El caballo racista

La Verdad, MANUEL MARÍA MESEGUER, 23-09-2010

:: JESÚS FERRERO

Hace años escribí la historia de un alazán de porte soberbio cuyo único punto débil era su espanto ante los campamentos de gitanos que festoneaban las bacheadas carreteras de los años cincuenta del sureste español. Su hermosa estampa de largas y cepilladas crines no le bastó para el indulto, pero su trote alegre, algo sobrado y chulesco, no lo han podido olvidar los sesentones de aquellas pedanías por las que correteaba el caballo.

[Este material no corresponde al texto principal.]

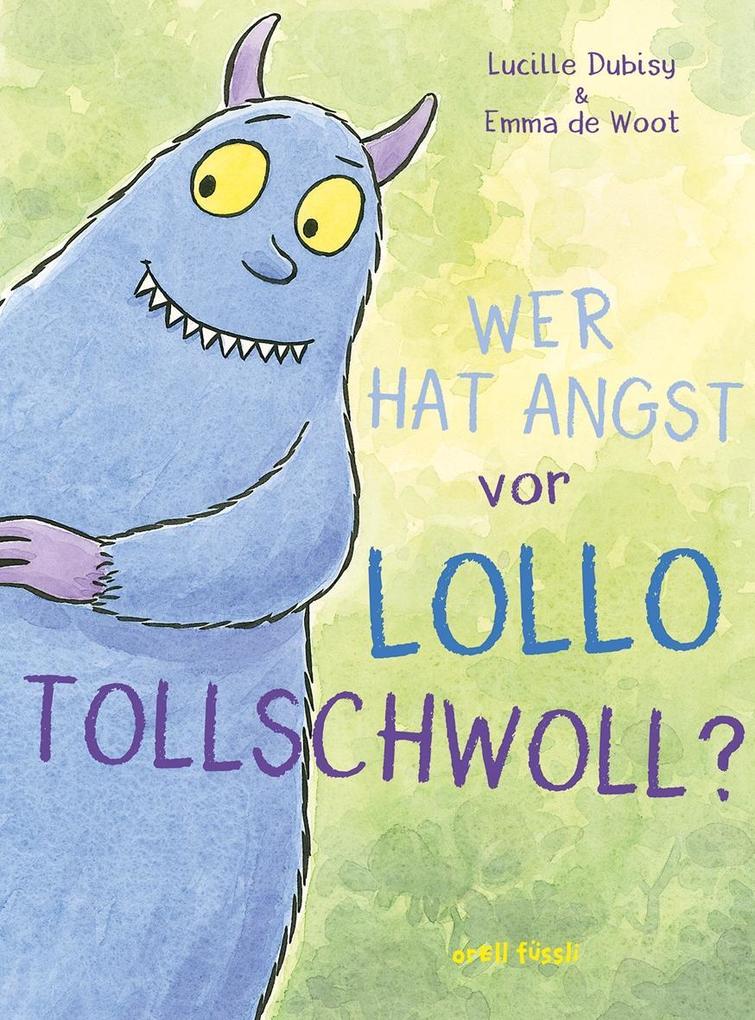 Image of Wer hat Angst vor Lollo Tollschwoll?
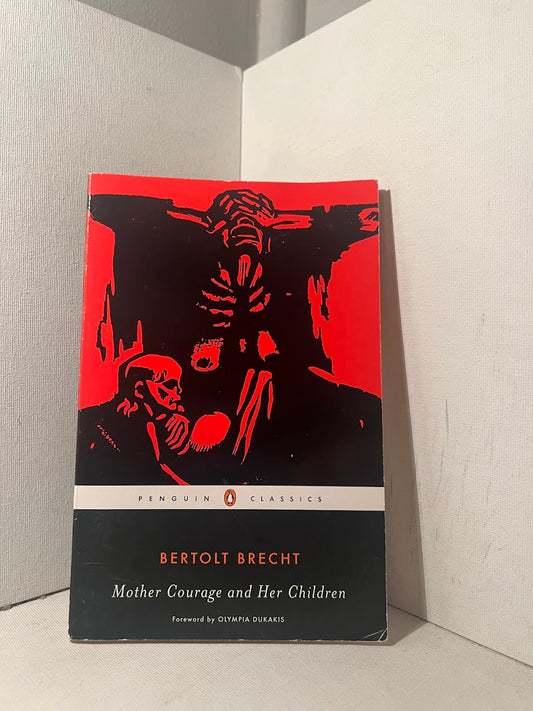 Mother Courage and Her Children by Bertolt Brecht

La única misión del rojizo, fuera de retozar por los ejidos, consistía en arrastrar un extraño cabriolé que llamaban mallorquín, de chapa roja, guardabarros negros, llantas y neumáticos de automóvil y freno de pie frente al pescante de tres plazas, con dos trasportines atrás, a los que se accedía por la portezuela trasera. Era un carricoche bastante pintoresco, un automóvil de un solo caballo a sangre, y su contraste de colores y lo menguado de su carrocería cuando llevaba la capota abatida prestaban a los viajeros una desnudez obscena.

Elegante, brioso y complacido de su hermosura, el alazán aguardaba con impaciencia la llegada de la mañana del domingo tras la misa de diez del pueblo para trasladar al cura a la capilla de la finca donde oficiaba su segunda o tercera misa. Ocurría que junto a tantas virtudes, el alazán tenía un único y grave defecto que sin embargo todos jaleaban: bastaba con que a un kilómetro o dos oliera la presencia de un campamento de gitanos de los muchos que en aquellos años salpicaban las cunetas de las carreteras comarcales para que sus cortas orejas se tensaran, el resoplido se alterara y el paso se trastocara hasta el instante del encuentro con los acampados, momento en el que sólo la autoridad del conductor y el chasquido del látigo permitían una salida provechosa, aunque degradante.

Cuando un domingo arrojó al cura del cabriolé como epílogo a una sucesión encabritada de caracoleos y recules, y el mismo verano lanzó a una acequia a tres hijos del dueño tras sucesivos encuentros con los campamentos de gitanos, su suerte estuvo echada: reacio a las faenas del campo, inútil como montura por ausencia de caballeros y peligroso como alternativa a los Citroen y los Seiscientos, terminó sacrificado en una finca de secano por la bravura de cimarrón que le desarrolló el secadal.

Eran tiempos en que los gitanos constituían la única etnia que recibía los mordiscos del racismo español en sus carnes. La Europa acomodada comenzó a necesitar emigrantes. Españoles, primero; argelinos, turcos, hindúes, marroquíes o subsaharianos, después, fueron esparciéndose por los países ricos hasta recalar mucho después en la España emigrante, necesitada ahora de mano de obra foránea. La llegada de latinoamericanos y de europeos del Este completó el panorama de una España multirracial impensable unas décadas antes. El virus xenófobo ya no tuvo como objetivo exclusivo a los gitanos, sino que se diversificó, aflojando la presión sobre el pueblo del cante y los campamentos. Hasta que un presidente francés en horas bajas de popularidad ha resucitado al gitano como enemigo de occidente en una pirueta que según las encuestas proporciona votos a quienes tengan el cuajo de ejecutarla. También puede pasarles factura, como a aquel alazán brioso al que aplaudieron por sus desplantes para después desterrarlo tan pronto se convirtió él mismo en un peligro. Pero discúlpenme símil tan intolerable: Sarkozy no es ni de lejos tan guapo como aquel soberbio corcel de crines sedosas.